- _PROBLEM DESCRIPTION_: Work out how many lines of this material hold the word "Floral". Write only that number.
"""
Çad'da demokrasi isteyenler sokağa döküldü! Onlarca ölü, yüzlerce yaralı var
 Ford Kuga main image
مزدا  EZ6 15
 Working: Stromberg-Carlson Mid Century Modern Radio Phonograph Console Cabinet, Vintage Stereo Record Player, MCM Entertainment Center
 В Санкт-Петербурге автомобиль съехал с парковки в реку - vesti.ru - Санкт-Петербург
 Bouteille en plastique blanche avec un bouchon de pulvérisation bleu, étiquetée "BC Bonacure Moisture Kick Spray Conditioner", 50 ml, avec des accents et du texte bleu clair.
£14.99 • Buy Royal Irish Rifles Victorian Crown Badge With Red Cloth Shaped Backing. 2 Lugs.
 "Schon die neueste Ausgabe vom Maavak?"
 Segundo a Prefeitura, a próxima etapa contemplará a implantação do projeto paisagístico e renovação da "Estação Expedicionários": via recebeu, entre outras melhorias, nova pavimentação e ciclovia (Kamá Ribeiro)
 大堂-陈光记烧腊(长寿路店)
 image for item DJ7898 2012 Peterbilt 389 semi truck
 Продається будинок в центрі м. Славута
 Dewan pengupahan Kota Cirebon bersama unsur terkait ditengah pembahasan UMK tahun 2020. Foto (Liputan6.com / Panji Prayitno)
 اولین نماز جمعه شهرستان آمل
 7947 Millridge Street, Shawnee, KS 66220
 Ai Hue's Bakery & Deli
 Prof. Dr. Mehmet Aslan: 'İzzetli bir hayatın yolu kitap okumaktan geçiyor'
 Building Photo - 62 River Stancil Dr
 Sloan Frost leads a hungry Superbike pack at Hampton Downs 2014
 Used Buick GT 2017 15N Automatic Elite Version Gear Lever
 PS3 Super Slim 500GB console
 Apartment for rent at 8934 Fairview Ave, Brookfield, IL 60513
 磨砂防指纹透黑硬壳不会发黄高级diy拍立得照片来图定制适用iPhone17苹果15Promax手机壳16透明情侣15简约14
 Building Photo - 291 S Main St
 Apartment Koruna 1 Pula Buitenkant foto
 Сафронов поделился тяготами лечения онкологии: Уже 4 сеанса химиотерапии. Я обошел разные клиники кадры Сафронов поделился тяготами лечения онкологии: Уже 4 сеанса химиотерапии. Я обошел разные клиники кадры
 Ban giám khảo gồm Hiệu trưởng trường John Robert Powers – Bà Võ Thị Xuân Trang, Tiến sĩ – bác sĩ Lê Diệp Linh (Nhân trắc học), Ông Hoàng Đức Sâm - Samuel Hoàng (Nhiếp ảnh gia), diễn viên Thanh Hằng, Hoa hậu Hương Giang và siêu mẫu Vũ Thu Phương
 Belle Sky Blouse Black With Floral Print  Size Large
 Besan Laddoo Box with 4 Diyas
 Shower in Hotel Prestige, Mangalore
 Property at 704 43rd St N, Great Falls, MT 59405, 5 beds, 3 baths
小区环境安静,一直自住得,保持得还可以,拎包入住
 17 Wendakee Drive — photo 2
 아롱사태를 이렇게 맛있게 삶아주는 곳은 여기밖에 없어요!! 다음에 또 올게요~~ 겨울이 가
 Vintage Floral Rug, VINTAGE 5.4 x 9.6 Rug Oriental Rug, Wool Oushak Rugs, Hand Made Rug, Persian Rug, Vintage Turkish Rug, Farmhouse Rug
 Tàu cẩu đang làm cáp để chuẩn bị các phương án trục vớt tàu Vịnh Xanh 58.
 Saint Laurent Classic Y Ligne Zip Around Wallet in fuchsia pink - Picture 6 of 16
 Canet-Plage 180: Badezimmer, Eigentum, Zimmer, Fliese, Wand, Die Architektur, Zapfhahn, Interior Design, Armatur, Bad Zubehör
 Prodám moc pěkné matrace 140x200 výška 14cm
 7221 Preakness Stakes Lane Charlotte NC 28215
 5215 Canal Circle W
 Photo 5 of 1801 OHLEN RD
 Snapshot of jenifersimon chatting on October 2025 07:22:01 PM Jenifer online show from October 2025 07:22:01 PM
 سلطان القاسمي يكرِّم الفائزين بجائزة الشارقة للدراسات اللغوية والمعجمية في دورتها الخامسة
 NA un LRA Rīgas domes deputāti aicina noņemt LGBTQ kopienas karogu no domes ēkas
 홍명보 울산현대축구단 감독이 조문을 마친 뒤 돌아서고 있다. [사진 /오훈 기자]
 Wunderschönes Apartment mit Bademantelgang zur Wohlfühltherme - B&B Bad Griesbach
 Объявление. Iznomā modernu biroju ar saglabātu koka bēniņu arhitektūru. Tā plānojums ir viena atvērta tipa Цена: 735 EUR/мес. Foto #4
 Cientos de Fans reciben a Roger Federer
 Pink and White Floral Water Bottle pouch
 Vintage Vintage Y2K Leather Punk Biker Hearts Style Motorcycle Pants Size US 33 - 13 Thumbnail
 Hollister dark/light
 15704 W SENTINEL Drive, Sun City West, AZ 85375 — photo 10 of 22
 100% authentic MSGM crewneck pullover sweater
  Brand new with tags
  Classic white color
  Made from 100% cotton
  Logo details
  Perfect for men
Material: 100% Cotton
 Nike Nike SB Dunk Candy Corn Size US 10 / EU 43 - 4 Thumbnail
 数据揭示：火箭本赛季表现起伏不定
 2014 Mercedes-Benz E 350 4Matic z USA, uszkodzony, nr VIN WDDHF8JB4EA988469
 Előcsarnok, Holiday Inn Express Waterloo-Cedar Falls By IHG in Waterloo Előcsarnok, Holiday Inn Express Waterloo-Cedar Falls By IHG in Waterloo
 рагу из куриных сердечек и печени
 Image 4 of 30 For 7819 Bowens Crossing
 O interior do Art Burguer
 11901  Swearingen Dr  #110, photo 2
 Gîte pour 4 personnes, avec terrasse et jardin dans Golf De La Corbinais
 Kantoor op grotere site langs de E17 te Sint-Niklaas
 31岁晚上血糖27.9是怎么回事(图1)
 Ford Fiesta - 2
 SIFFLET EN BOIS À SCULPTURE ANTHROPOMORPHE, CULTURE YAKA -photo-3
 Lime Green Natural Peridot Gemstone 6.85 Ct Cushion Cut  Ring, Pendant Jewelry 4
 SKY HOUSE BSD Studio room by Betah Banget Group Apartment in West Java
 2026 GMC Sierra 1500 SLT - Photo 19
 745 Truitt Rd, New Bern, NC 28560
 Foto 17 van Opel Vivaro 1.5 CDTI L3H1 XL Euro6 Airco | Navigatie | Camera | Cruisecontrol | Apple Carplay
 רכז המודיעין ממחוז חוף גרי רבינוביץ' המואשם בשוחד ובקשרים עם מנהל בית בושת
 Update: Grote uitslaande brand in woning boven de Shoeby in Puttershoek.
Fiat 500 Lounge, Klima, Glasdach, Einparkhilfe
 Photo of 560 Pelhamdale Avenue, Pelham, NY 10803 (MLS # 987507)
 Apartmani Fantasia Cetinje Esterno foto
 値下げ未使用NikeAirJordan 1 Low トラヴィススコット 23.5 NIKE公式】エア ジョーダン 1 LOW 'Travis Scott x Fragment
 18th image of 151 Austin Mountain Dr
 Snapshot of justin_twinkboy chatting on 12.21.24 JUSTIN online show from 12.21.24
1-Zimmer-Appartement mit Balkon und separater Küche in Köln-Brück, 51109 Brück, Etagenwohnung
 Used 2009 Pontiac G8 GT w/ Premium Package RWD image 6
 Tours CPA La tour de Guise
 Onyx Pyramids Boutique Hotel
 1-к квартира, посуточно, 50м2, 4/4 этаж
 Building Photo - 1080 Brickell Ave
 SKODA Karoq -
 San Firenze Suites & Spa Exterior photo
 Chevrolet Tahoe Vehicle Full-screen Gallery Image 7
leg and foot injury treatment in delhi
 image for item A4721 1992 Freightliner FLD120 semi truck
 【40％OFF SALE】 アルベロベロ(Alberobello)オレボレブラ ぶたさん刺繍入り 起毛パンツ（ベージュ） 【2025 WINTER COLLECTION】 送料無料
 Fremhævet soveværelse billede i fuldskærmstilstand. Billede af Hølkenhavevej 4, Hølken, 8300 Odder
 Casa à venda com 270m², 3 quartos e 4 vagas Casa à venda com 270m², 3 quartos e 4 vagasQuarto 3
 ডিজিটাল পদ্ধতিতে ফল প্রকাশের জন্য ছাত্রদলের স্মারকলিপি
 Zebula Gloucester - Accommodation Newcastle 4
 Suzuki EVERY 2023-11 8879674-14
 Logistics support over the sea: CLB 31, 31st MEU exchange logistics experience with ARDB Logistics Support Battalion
"""
- _ANSWER FOR THE TASK_: 3